Anthropomorphism: an innate tendency of human psychology
I cook for my dog, Bean. He eats almost as well as I do. I think this makes me an exemplary human being. Bean seems to agree because he follows me around adoringly from the time he gets up in the morning till he goes down for his first nap 20 minutes later.
Every three days I make a pot of rice and chicken. I cook the rice in chicken broth, which is a by-product of my Tuesday crockpot roasted chicken. I supplement the rice and chicken with additional broth, high quality kibble, and an assortment of flavor enhancers like hard-boiled egg, steamed broccoli, baby food, sweet potato, and an occasional chunk of beef, just to keep things interesting. Bean likes this routine a lot when he is on his feed—more often than not since I started going to all this effort.

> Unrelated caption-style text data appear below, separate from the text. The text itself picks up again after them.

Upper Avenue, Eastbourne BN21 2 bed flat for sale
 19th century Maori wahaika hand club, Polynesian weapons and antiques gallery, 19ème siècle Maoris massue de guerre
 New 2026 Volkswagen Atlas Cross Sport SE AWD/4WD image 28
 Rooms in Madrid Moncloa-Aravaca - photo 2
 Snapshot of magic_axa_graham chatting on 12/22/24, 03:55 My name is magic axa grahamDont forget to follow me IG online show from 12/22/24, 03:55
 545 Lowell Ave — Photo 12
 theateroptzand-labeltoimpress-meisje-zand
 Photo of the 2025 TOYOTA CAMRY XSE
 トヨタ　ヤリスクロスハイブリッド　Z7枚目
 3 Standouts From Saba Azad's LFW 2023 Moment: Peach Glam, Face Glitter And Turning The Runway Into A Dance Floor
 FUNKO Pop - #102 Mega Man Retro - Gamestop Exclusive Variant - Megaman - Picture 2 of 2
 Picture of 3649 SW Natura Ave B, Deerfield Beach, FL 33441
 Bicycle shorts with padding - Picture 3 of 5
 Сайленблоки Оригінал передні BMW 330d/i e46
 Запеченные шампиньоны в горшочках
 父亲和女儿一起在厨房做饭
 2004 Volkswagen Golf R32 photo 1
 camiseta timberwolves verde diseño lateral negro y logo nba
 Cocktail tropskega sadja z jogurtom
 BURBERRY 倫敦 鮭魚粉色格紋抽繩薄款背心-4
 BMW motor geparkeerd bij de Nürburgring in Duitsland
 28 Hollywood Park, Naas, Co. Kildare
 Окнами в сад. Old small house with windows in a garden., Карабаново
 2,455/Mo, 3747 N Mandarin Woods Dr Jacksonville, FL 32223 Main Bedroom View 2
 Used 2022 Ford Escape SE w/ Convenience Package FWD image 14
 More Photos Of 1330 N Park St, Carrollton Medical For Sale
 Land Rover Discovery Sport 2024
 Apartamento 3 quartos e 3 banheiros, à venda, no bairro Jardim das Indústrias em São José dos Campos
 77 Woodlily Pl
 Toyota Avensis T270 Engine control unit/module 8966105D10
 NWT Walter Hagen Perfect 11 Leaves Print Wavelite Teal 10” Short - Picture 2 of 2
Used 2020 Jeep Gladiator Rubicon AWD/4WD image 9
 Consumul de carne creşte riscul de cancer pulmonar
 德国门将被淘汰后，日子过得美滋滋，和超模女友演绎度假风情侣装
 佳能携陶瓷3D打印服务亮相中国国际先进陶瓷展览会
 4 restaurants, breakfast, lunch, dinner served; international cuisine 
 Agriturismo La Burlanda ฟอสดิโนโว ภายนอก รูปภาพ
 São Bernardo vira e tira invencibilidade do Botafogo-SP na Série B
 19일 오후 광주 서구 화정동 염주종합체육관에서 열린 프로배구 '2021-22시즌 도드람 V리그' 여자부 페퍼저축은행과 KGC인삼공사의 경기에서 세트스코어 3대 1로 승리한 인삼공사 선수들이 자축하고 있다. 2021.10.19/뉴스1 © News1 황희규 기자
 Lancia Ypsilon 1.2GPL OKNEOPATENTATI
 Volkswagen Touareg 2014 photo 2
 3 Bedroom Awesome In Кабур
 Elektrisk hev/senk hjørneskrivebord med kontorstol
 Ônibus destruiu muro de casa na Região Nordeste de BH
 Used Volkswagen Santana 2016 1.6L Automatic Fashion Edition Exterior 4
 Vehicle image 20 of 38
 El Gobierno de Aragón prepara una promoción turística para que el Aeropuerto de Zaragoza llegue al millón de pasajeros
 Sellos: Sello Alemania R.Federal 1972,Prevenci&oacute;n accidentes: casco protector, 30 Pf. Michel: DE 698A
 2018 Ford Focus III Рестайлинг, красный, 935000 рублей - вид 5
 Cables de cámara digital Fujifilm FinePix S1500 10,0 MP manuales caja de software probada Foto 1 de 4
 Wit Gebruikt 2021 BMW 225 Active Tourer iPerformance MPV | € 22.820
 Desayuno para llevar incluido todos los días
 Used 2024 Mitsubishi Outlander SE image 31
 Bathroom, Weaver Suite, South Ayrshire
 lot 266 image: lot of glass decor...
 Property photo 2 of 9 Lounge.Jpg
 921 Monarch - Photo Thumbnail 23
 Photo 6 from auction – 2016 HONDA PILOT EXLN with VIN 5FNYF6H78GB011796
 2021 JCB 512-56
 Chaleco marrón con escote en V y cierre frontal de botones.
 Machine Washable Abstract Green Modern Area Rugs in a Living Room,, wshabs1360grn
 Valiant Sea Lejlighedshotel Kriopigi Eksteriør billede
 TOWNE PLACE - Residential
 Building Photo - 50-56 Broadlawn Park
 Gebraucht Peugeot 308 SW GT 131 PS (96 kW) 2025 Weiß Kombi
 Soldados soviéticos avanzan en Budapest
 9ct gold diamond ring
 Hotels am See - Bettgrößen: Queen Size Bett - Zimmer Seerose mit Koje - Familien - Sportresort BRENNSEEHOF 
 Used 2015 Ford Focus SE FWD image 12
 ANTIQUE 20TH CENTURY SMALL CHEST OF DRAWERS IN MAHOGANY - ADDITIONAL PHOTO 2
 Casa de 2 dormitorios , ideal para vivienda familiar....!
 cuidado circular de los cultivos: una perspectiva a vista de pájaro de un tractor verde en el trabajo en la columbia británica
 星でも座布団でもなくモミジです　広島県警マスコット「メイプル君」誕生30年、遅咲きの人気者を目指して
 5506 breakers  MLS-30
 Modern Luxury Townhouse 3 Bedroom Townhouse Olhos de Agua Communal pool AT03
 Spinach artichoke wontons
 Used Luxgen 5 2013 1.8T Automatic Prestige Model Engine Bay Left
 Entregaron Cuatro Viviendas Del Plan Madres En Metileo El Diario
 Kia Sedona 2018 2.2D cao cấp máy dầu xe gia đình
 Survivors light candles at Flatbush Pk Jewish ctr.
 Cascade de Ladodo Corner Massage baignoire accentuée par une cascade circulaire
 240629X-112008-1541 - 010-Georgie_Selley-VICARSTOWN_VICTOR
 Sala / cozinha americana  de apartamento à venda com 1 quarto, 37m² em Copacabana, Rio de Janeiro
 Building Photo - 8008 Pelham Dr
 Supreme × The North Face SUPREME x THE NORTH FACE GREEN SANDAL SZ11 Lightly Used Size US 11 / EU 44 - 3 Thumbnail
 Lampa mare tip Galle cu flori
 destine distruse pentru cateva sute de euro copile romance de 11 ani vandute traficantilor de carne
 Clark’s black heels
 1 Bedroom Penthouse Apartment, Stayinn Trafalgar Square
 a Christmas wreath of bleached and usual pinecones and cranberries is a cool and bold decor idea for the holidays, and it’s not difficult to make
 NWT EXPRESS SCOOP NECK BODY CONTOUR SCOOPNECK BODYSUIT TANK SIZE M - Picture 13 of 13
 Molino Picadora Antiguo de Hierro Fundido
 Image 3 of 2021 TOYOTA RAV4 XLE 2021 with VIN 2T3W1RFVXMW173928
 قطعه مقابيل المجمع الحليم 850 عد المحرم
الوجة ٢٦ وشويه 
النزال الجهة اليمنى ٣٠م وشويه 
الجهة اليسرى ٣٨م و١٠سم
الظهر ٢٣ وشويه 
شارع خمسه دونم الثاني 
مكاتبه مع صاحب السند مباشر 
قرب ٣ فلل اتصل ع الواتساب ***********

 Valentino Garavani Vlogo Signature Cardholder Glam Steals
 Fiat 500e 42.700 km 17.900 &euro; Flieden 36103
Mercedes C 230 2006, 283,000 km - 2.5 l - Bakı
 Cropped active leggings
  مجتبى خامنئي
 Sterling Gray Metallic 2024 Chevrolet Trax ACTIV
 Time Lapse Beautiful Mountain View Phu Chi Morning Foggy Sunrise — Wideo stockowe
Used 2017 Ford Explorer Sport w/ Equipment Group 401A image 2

Some people think this is crazy. My dad would probably have thought so too, and he was a veterinarian.
“He’s just a dog,” I can hear Dad saying.
Dad preferred livestock to pets. He thought dogs disgusting because they eat poop. I might have pointed out to him that they are less likely to eat poop if you cook for them, but I don’t think we would have got that far in a discussion.
Instead, I would reply, “No, Dad. He’s more than that. He’s family.”
“Anthropomorphism!” Dad would say.
“Call it what you will,” I’d answer, “but I think I should hold him at the same level of esteem that he holds me.”
“Proof,” Dad would say, “that he hasn’t sufficient reason to qualify for the humanity you want to give him.”
Bean would sleep peacefully through this exchange, proving, to my satisfaction at least, that he is every bit the stellar individual I hold him to be. He will be up in time for dinner. He is a creature of habit, and his schedule is sacrosanct. Just ask him.